In some ways it can be worse on the Vineyard. From E-town to Aquinnah, Islanders on one side of the coin are blowing their summer rental income on pricey meals at the best Island restaurants. They track the movements of chefs like gambling junkies perusing the ponies. Admittedly, Island cookeries tend to use fresh, healthy, local ingredients, but are not averse to slathering on a creamy sauce. And, the whiter the chowder, the better. Meanwhile their counterparts are praying at the altars of their CSAs, ahhhing over the greenness and freshness of this week’s broccoli and discussing what, exactly, makes it organically grown.
Might it be control issues? We’ve become a fear-based society. Fortunes are made by companies who lull you into thinking you can prevent bad things from happening. Insurance companies like you to think that if “the worst happens,” (you die) your family will wave a brief farewell and be able to go back to business as usual if only you sign on their dotted line.
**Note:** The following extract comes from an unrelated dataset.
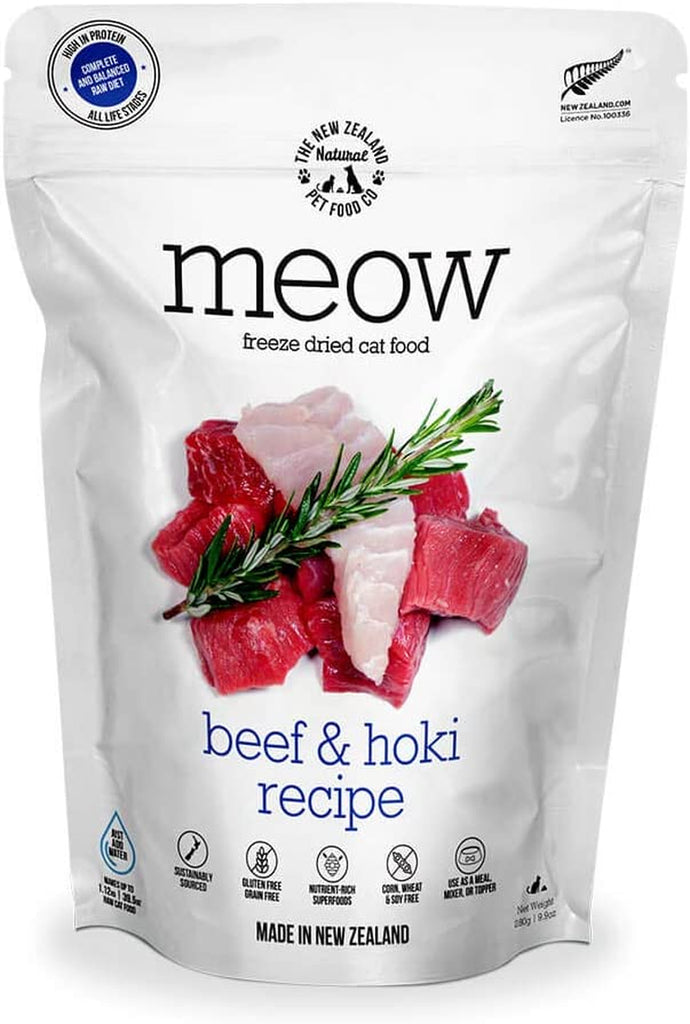 Meow Beef & Hoki Freeze Dried Raw Cat Food, Mixer, or Topper, or Treat - High Protein, Natural, Limited Ingredient Recipe 9.9 Oz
Even the name, “life insurance” hints that a policy will prevent your demise. We slather anti-bacterials on our hands and kitchen counters, lest some microscopic germ invades. (By the way, we need some of those germs.) Home security systems assure that loved ones will remain safe if the other “worst” is attempted (home invasion). We buy cars for “safety features.”
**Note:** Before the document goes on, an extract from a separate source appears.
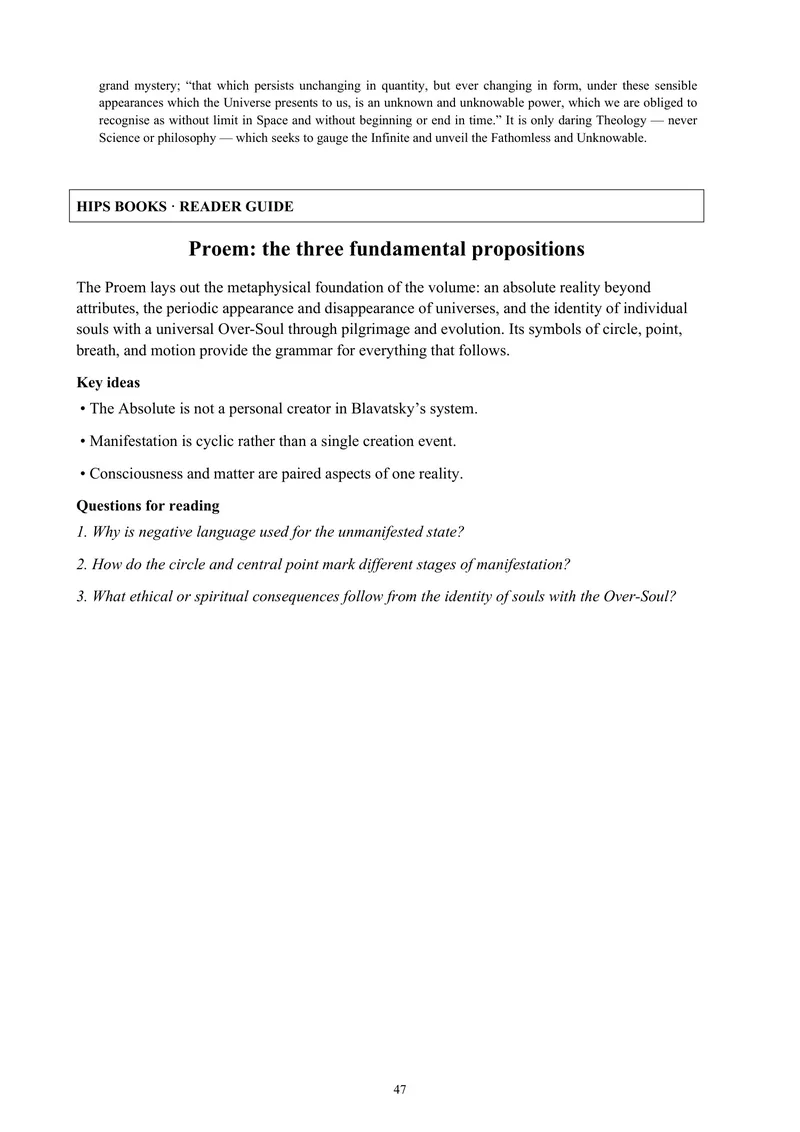 Reader guide to the three propositions — The Secret Doctrine, Volume I: Cosmogenesis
And we obsess about what goes into our stomachs, fearful that if we eat the wrong thing, we’ll get cancer, we’ll grow old prematurely, our hair will lose that healthy glow, we’ll tire too easily, we’ll have trouble sleeping at night, we’ll have trouble waking up in the morning, our skin will flake, our paint will peel, our dog will get mange, the NSA will tap our phones, and the IRS will audit our taxes.
Me? Right here? Also guilty. I had to laugh when I realized that in a freight ferry conversation about this very thing, I ended up also discussing the latest news on the latest food baddie. And I sensed surrounding travelers itching to join the conversation.
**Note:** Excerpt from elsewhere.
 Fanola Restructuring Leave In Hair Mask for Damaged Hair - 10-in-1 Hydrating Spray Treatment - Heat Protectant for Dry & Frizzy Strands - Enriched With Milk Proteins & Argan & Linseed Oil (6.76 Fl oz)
So, if we’re talking about food so much, how much of our lives are we dedicating to planning, shopping, preparing, and eating? How much cranial real estate is branded “MEALS”?
I’m trying. I’ve decided to spend a little bit of time each week planning healthy meals and grocery shopping – concentrating, as a friend suggested, on the outer aisles. I’m going to try to make it balanced – more greens and veggies, less sugar and fat. Nothing fried. Fewer Nonni’s Biscotti for dessert. And, if I occasionally split a Black Dog Mousse Bomb with a friend, I’m not going to beat myself up.
We need to let go. No matter what we eat, some of us will get cancer. Some will get heart attacks. Some of us will have car accidents. We’re all going to die. We are not going to control everything that happens to us.
So, can we talk about something else for a while?